Repeat every line from the line containing "Hi everyone. Here's" to the end of the data, exactly. Leave the pictures out.

**AVAILABLE DATA**
□ □ □

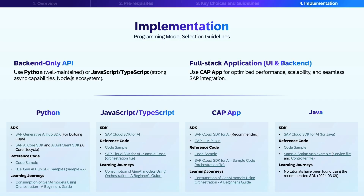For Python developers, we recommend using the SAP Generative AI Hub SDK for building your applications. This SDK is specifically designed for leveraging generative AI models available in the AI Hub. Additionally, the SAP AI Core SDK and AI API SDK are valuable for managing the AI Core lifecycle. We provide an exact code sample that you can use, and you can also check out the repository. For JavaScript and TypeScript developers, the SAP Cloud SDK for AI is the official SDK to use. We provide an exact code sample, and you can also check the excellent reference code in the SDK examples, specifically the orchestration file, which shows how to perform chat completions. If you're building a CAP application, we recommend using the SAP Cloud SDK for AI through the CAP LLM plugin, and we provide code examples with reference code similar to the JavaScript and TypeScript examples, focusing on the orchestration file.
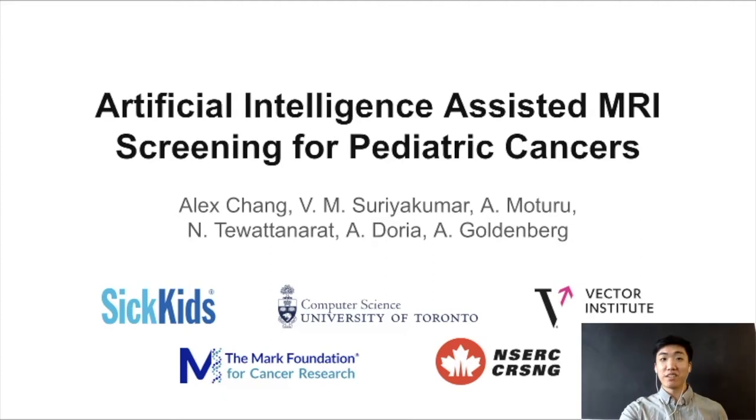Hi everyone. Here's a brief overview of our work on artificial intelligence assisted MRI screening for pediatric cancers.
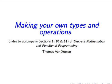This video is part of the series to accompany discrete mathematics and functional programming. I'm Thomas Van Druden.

□ □ □

**RESPONSE TO THIS EXERCISE**
Hi everyone. Here's a brief overview of our work on artificial intelligence assisted MRI screening for pediatric cancers.
This video is part of the series to accompany discrete mathematics and functional programming. I'm Thomas Van Druden.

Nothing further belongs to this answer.